Making it work in a VM is sort of the point here.  Thanks,

Alex
Jason Gunthorpe Aug. 13, 2024, 11:16 p.m. UTC | #4
On Tue, Aug 13, 2024 at 03:14:01PM -0600, Alex Williamson wrote:

> > Personally, I very much dislike this. Encouraging such hacky driver
> > use of the interrupt subsystem is not a good direction. Enabling this
> > in VMs will further complicate fixing the IRQ usages in these drivers
> > over the long run.
> 
> Clearly these _guest_ drivers are doing this regardless of the
> interfaces provided by vfio, so I don't see how we're encouraging hacky
> driver behavior, especially when it comes to Windows guest drivers.

Because people will then say the Linux driver can't be fixed to
properly use an irq_domain/etc as the only option that works in VMs
will be the hacky copy from MSI-X approach :\

> > Thomas Gleixner has done alot of great work recently to clean this up.
> > 
> > So if you imagine the driver is fixed, then this is not necessary.
> 
> How so? 

Because if the driver is properly using the new irq_domain/etc
infrastructure to model its additional interrupt source then this
patch won't make it work in the VM anyhow, so it is not necessary..

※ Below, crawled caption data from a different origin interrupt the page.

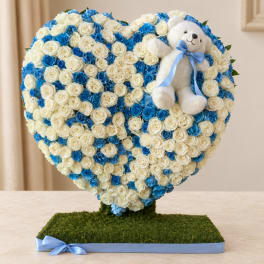 Heart-shaped rose arrangement with a teddy bear and blue ribbon on a grass-covered base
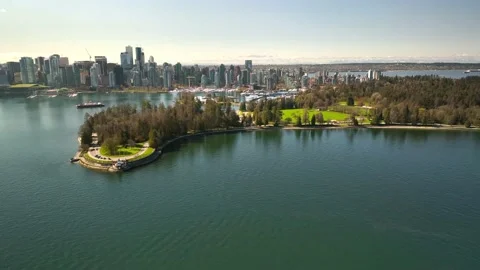 Reverse aerial out of stanley park vancouver with view of park and city skyline Stock Footage 239076157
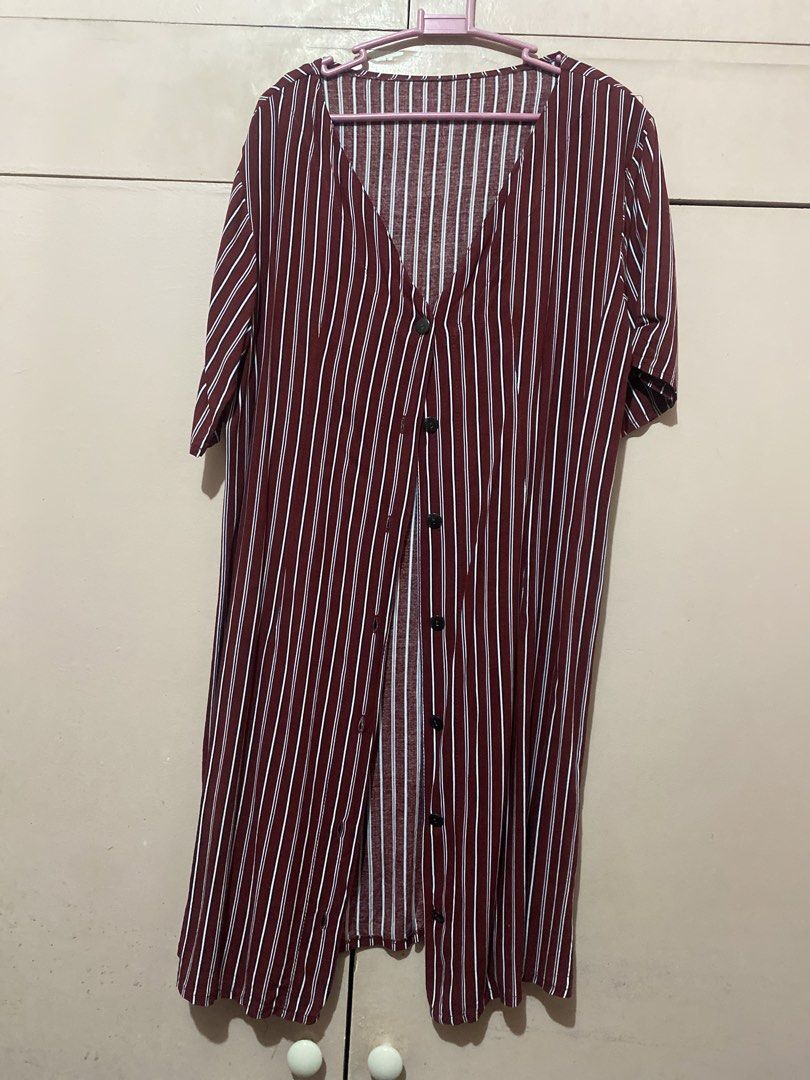 Maroon Striped Button-Up Midi Dress (Category: Dresses) located in Manila. Submitted by angelaay143 (Listing ID 1461772416, Image 1). Description: - Maroon dress with white vertical stripes - Button-up front - V-neckline - Short sleeves - Ideal for casual wear - Comfortable fabric - Easy to style - Needs laundry stored too long at the cabinet.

Your other patch would be the only short term answer.

Jason
Jason Gunthorpe Aug. 13, 2024, 11:39 p.m. UTC | #5
On Tue, Aug 13, 2024 at 07:30:41PM +0200, Thomas Gleixner wrote:
> > Howver, it will still not work in a VM. Making IMS and non-MSI
> > interrupt controlers work within VMs is still something that needs to
> > be done.
> 
> Sure, but we really want to do that in a generic way and not based on ad
> hoc workarounds.
>
> Did the debate around this go anywhere?

No, it got stuck on the impossible situation that there is no existing
way for the VM to have any idea if IMS will work or is broken. Recall
Intel was planning to "solve" this by sticking a DVSEC in their
virtual config space that said to turn off IMS :\

So using IMS in the real world looked impractical and interest faded a
bit.

But the underlying reasons for IMS haven't gone away and more work is
coming that will bring it up again...

Jason
Alex Williamson Aug. 14, 2024, 2:55 p.m. UTC | #6
On Tue, 13 Aug 2024 20:16:42 -0300
Jason Gunthorpe <jgg@ziepe.ca> wrote:

> On Tue, Aug 13, 2024 at 03:14:01PM -0600, Alex Williamson wrote:
> 
> > > Personally, I very much dislike this. Encouraging such hacky driver
> > > use of the interrupt subsystem is not a good direction. Enabling this
> > > in VMs will further complicate fixing the IRQ usages in these drivers
> > > over the long run.  
> > 
> > Clearly these _guest_ drivers are doing this regardless of the
> > interfaces provided by vfio, so I don't see how we're encouraging hacky
> > driver behavior, especially when it comes to Windows guest drivers.  
> 
> Because people will then say the Linux driver can't be fixed to
> properly use an irq_domain/etc as the only option that works in VMs
> will be the hacky copy from MSI-X approach :\

Ironically QEMU already has direct access to the MSI-X vector table in
MMIO space and could implement this type of quirk with no kernel
changes.  It's MSI that is now blocked by virtualization of the address
and data registers.  Note also that QEMU is still virtualizing these
registers, the values seen in the guest are unchanged.  It's only the
VMM that can bypass that virtualization to see the host values.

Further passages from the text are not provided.